The decrease in rental operations expenses by $0.8 million was due to increased
vacancies which resulted in a lowering of rental costs in all major categories.

The primary factors in the increase in Investment services expenses of $1.4
million were increased costs of $1.0 million relating to syndication of the two
Sponsored REITs in the period and the increase in the expense relating to stock
issued as compensation of $0.4 million.

Total expenses during the nine months ended September 30, 2002 decreased $0.6
million to $20.9 million compared to $21.5 million for the three months ended
September 30, 2001. This is primarily attributable to an increase in Investment
services expenses of $0.4 million which was more than offset by a decrease in
rental expenses of $1.0 million. The primary factors in the increase in
Investment services expenses were the increased costs of $1.5 million relating
to syndication of the Sponsored REITs in the period less the decrease in the
expense relating to stock issued as compensation of $1.1 million. The decrease
in Rental expenses by $1.0 million was due to increased vacancies which resulted
in a lowering of rental costs in all major categories.

There was no income related to minority interest in 2002.

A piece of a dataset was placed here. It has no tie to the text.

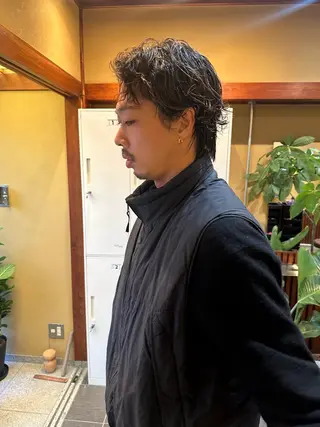 メンズ パーマ指名No. 1 磯飛⭐️慎之介のヘアスタイル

There were no taxes on income in 2001.


21


Item 2. Management's Discussion and Analysis of Financial Condition and Results
of Operations (continued)

Liquidity and Capital Resources

Cash and cash equivalents were $21.8 million and $24.3 million at September 30,
2002 and December 31, 2001, respectively. This decrease of $2.5 million is
attributable to $51.0 million used for investing activities offset by $21.4
million provided by operating activities and $27.1 million provided by financing
activities.

Operating Activities

The Company's cash provided by operating activities of $21.4 million is
primarily attributable to net income of $18.7 million plus the add-back of $4.1
million from non-cash activity less a $1.4 million net change in operating
assets and liabilities.

Investing Activities

The Company's cash used for investing activities of $51.0 million is primarily
attributable to the $50.0 million increase in assets held for syndication and
$1.0 million for the purchase of real estate assets, office computers and
furniture.

Financing Activities

The Company's cash provided by financing activities of $27.1 million is
attributable to $50.0 million of proceeds from a bank note payable offset by
$22.9 million of distributions to shareholders.

Sources and uses of funds

Our principal demands for liquidity are cash for operations, dividends to equity
holders, debt repayments and expense associated with indebtedness. As of
September 30, 2002 we had approximately $56.5 million in liabilities of which
$50.0 million is a bank note payable. The Company has no permanent, long-term
debt. In the near term, liquidity is generated from funds from ongoing real
estate operations and transaction fees and commissions received in connection
with the sale of shares in Sponsored REITs.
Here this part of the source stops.